* ASSIGNMENT: Give back exactly the lines of the material below that start at the line containing "In this video, I'll" and end at the line containing "From this, the", and no others.

* DATA SHOWN:
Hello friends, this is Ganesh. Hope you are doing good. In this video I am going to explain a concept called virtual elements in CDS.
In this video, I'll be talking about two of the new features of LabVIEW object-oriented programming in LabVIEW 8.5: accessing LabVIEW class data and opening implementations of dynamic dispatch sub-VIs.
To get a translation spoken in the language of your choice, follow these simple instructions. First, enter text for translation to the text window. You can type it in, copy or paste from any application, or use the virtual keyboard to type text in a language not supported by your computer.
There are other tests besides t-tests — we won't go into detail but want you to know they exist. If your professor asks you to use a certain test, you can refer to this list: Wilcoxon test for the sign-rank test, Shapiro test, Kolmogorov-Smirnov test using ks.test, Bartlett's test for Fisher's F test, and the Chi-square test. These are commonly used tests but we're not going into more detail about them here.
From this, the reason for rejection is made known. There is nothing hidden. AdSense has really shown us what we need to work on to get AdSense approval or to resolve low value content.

* * *

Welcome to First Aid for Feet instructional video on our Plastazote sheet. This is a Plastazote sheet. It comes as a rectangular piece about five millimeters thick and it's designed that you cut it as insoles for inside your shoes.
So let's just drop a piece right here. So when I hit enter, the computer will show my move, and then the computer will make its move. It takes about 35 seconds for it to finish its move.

* * *

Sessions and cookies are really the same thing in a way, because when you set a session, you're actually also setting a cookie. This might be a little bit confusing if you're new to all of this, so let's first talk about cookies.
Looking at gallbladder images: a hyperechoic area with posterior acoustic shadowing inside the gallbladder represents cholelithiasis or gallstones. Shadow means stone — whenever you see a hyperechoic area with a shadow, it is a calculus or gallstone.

* RESPONSE AREA:
In this video, I'll be talking about two of the new features of LabVIEW object-oriented programming in LabVIEW 8.5: accessing LabVIEW class data and opening implementations of dynamic dispatch sub-VIs.
To get a translation spoken in the language of your choice, follow these simple instructions. First, enter text for translation to the text window. You can type it in, copy or paste from any application, or use the virtual keyboard to type text in a language not supported by your computer.
There are other tests besides t-tests — we won't go into detail but want you to know they exist. If your professor asks you to use a certain test, you can refer to this list: Wilcoxon test for the sign-rank test, Shapiro test, Kolmogorov-Smirnov test using ks.test, Bartlett's test for Fisher's F test, and the Chi-square test. These are commonly used tests but we're not going into more detail about them here.
From this, the reason for rejection is made known. There is nothing hidden. AdSense has really shown us what we need to work on to get AdSense approval or to resolve low value content.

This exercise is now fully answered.